Saturday, December 15, 2018

Birding paradise








My birding walk yesterday started innocently enough. I was just down to the river path and not 50 yards along when a bird with a red head flew right in front of me. Then another. I don't usually see groups of this bird, which I call a "Red-headed Woodpecker" because it is, it turns out, by sheer luck, called that. But there were at least five of these birds flitting about in the trees, a bit restlessly as far as I could tell, and probably up to something. But I didn't stay to see how it all turned out.

After all, I had to move on to the geese, though I didn't know that's what I was doing at the time. Yes, more than one geese. There were 16 million geese I was moving on to, though I didn't make a careful count of them. And the surprising thing about encountering 16 million geese is that I almost didn't see them at all. In the Winter around here most of the action is in the trees up over the Mississippi River Gorge, or in the sky above me, so I don't spend much time peering down into the dark, half-frozen waters. But something caught my eye, below me. Magically I found myself looking down upon a string of elegant geese, on a flyway journey down the Mississippi.

Bjork put it best:

A train of pearls
Cabin by cabin,
Is shot precisely
Across an ocean.

Actually, she wasn't talking about geese, but I'd really rather not go into that.

And watching those precise and steady and tireless and graceful birds the half frozen bed of the river came into my focus. And there I was stunned to find that it was

Full of birds, bobbing in the water, nearly blotting out the ice. A savanna of birds, like from some epic nature documentary of some place you will never go to and never be at at the right time and that it is all too late now to ever see because the natural world is only a shell of its former self. But lo, there were geese, and geese, and geese, and a million more geese, and I'm pretty sure I saw three or four ducks because it was a party.

No, seriously, it was a party.

And then there was a turkey in my path.

I am acquainted with two flocks of turkeys. The northern flock, by the U, is made of giant, Pleistocene sized turkeys who blot out the sun while merely lumbering around on someone's front lawn. The southern flock is regular sized turkeys but an unusual lot of them. This was a southern turkey who thus felt more approachable. But he didn't want to be petted and ran across the street to gambol about in the snow with 18 other turkey friends of his.

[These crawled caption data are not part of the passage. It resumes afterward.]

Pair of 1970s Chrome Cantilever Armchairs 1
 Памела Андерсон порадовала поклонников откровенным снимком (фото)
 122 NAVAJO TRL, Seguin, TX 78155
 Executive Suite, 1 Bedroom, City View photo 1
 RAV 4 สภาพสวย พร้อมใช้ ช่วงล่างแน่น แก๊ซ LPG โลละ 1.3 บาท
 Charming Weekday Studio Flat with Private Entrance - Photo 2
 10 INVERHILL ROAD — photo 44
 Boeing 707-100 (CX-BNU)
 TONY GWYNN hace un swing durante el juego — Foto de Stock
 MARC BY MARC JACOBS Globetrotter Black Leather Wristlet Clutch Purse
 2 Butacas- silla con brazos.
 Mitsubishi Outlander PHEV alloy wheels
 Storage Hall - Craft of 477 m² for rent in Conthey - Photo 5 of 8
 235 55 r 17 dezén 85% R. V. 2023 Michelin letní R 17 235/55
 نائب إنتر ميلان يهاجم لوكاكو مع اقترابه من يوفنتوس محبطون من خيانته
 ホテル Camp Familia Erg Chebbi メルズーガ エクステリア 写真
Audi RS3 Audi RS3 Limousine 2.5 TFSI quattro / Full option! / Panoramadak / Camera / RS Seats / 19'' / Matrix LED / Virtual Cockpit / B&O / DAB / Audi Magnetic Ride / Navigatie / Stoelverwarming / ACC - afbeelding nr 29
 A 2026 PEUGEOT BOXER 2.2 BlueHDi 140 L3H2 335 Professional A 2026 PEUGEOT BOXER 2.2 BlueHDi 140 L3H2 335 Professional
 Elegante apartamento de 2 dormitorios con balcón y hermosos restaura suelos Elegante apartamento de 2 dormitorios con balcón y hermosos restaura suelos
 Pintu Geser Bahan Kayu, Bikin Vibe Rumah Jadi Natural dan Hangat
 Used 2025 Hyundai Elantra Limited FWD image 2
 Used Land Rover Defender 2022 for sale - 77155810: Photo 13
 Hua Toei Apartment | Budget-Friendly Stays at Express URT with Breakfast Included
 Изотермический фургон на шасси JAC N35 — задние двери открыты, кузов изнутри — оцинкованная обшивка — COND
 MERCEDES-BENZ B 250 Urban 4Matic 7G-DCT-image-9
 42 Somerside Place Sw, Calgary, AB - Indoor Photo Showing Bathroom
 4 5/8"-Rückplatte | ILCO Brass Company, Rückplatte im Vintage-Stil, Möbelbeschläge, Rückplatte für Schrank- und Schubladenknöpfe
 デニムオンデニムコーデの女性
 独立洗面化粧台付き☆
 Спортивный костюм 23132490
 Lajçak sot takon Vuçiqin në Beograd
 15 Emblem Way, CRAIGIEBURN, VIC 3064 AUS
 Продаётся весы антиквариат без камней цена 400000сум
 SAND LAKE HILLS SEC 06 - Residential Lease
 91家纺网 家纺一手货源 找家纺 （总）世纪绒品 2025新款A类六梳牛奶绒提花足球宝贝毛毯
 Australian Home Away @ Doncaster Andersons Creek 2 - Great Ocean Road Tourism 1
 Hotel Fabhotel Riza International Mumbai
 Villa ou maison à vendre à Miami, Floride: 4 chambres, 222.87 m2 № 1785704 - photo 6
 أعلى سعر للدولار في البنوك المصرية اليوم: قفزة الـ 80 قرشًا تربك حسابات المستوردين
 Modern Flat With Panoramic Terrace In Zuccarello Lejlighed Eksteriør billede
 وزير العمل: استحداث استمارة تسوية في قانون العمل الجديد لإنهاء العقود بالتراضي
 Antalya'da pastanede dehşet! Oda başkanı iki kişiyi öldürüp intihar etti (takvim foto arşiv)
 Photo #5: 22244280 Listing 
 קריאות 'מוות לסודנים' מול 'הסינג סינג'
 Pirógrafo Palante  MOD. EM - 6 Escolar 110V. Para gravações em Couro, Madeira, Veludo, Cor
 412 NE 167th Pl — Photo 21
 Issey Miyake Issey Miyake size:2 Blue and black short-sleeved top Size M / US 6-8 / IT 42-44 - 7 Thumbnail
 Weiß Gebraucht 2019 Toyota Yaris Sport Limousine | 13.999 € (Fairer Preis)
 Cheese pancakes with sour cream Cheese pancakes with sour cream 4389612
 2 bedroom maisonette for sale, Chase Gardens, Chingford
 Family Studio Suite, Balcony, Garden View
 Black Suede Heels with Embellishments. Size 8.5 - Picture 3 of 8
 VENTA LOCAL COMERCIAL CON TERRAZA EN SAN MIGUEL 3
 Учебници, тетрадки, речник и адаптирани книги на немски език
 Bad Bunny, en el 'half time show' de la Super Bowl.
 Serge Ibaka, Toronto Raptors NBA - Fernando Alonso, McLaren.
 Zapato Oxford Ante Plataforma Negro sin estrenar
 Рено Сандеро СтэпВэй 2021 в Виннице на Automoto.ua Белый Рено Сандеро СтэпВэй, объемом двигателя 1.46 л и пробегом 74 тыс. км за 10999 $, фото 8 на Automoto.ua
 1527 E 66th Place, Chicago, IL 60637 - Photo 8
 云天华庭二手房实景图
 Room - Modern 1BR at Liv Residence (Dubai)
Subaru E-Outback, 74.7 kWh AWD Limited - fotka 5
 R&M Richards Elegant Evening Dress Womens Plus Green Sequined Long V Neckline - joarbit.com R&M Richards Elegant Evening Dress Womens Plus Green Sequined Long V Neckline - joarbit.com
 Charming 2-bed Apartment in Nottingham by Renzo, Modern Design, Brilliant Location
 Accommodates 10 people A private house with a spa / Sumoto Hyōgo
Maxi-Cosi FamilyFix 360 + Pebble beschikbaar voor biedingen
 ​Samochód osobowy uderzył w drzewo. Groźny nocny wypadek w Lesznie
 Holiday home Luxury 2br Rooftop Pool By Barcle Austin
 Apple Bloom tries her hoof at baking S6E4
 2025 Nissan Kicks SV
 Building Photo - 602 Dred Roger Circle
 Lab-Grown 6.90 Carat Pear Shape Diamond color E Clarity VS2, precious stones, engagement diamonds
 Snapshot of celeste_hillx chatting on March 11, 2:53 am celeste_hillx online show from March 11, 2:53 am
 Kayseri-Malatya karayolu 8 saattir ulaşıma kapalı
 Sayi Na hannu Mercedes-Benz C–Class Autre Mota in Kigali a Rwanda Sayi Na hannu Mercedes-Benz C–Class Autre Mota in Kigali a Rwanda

And then something screamed, a hideous cry.

That was a blue jay.

I didn't linger. Oddly, on the whole walk, I just lingered once, but it hasn't happened yet. And it didn't happen when a tan, almost yellow bird, twenty feet across, wingtip to wingtip, both fell and lifted out of the trees ten feet to my left, sending a kind of force wave into my soul. A hawk. The largest hawk I have ever seen, sinking towards the river to acquire speed only to rise heavily into the sky, strength and massivity balanced into something perfectly useful.

And that was it. I appeared to be done with the birds and was nearing where my path turns from the river. I started to think of how I would write about it all. And as I was crossing over the I-94 Freeway I wondered at how strange it was to see all the birds I ever see but not to see an example of one of my regular wonders, the bald eagle.

Which is when, exactly then, a bald eagle rose up from over Highway 94, which was over the river, and this bird just cleared the balustrade of the bridge I was on, and just cleared my head as well, surprising us both, and then flung wildly up into the air.

And I stopped, I finally stopped. And I laughed.









4 comments:

  1. We had a bald eagle land in one of our trees in the front yard. It wasn't very high and it was just sitting there eating a squirrel. It was a top ten family moment that we still talk about.

    ReplyDelete
    Replies
    1. So that's what squirrels are for!

      Just kidding. I like squirrels.

      It seems like a nice choice for a top ten family moment. Do you have a chart? You should have a chart.